If I use the hbase shell
and issue:
put 'test', 'rowkey1','cf:foo', 'bar'
scan 'test'
I will see the result as a string, not in bytes.
If I use happybase
and issue:
import happybase
connection = happybase.Connection('<hostname>')
table = connection.table('test')
table.put('rowkey2', {'cf:foo': 'bar'})
for row in table.scan():
print row
I will see the result as a string, not in bytes.

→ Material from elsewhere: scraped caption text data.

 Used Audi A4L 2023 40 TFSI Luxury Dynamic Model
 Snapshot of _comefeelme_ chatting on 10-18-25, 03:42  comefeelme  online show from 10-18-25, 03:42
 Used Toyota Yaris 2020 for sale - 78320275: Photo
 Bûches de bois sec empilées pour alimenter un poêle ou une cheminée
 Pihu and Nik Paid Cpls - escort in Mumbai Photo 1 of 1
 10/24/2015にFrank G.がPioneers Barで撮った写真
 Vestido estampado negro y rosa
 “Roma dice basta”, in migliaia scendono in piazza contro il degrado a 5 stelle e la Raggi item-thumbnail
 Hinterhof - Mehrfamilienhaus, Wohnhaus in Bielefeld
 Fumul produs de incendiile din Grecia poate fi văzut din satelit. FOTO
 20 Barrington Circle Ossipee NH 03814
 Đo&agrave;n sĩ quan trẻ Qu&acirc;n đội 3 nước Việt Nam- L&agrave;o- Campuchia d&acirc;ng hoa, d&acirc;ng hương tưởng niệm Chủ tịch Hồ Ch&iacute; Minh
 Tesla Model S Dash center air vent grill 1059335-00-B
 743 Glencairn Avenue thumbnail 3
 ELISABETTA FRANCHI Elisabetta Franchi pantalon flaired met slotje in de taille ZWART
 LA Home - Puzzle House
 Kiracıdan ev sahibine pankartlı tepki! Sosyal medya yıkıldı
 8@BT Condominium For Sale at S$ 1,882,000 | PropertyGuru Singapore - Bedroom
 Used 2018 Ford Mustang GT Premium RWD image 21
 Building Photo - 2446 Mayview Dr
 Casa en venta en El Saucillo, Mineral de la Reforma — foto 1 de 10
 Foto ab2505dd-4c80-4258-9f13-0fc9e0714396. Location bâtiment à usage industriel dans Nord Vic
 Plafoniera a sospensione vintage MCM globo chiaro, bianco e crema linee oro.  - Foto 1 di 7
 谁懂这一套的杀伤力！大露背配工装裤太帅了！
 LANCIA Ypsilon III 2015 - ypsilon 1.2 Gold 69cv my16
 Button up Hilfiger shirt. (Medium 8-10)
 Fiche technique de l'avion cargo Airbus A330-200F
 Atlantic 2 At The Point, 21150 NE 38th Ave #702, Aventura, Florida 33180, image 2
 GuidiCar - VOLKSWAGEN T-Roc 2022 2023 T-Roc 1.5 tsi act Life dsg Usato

I have data in hive that I ran an aggregation on and stored on HDFS via:
INSERT OVERWRITE DIRECTORY 'aggregation_test'
SELECT device_id, device_name, sum(device_cost)
FROM devices
GROUP BY device_id, device_name
ORDER BY device_id, device_name
However, if I issue the following in Pig:
A = LOAD 'aggregation_test' USING PigStorage(',') as (device_id:chararray, device_name:chararray, device_sum:int);
STORE A INTO 'hbase://aggregation_test'
USING org.apache.pig.backend.hadoop.hbase.HBaseStorage(
'cf:device_name, cf:device_sum');
Scans in hbase shell
and in happybase
result in bytes, not in string.
I can't even search on a row key that is a string.
How can I use Pig and HBaseStorage to store data from HDFS into HBase as strings not bytes?